Setting up Sandbox 5

I assume you’ve read the tutorial about Orbit, and you know how to reserve a time slot, how to log into the nodes, and how to image the nodes. (Otherwise, read Getting Started.)

To load the nodes with the right image:

• Step 1: Login to the console.

        ssh username@ console.sb5.orbit-lab.org
  

• Step 2: Image the nodes.

        imageNodes [1,1],[1,2] gnuradio.ndz
        
        Other images are: baseline-2.1.ndz (for building from scratch, supported)
                          gnuradio_visual.ndz (for visual outputs, unsupported)
  

• Step 3: Power up node1-1 and node1-2.

        wget -O - -q 'http://cmc:5012/cmc/on?x=1&y=1'
        wget -O - -q 'http://cmc:5012/cmc/on?x=1&y=2'
  

• Step 4: Log into the node.

            ssh root@node1-1
  	  ssh root@node1-2
  

Example: Transmitting/Receiving Sine Waves

Before you run these examples, do the following:

copy ​http://www.orbit-lab.org/attachment/wiki/Documentation/GNURadio/usrp_siggen_multiple_sine.py usrp_siggen_multiple_sine.py to node1-1 (transmitter)
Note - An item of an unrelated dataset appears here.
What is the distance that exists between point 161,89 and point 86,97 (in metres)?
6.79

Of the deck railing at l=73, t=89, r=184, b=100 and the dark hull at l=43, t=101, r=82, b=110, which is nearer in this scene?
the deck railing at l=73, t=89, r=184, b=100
copy ​http://www.orbit-lab.org/attachment/wiki/Documentation/GNURadio/usrp1_rx_cfile.py usrp1_rx_cfile.py to node1-2 (receiver).

Give your scripts permission to run. (chmod +x filename)

1. Receiver only The transmitter doesn't send any thing, only the receiver receives. In this case, what the receiver receives is white noise.

      ./usrp1_rx_cfile.py -f 10e3 -N21000 -g 10 noise.dat
   

   • '-f 10e3': tells the GnuRadio to listen to the frequency band centered at 10kHz.
   • '-N21000': write 21000 data points to file.
   • '-g 10': set the gain to 10.
   • 'noise.dat': set the file name that will store the data samples.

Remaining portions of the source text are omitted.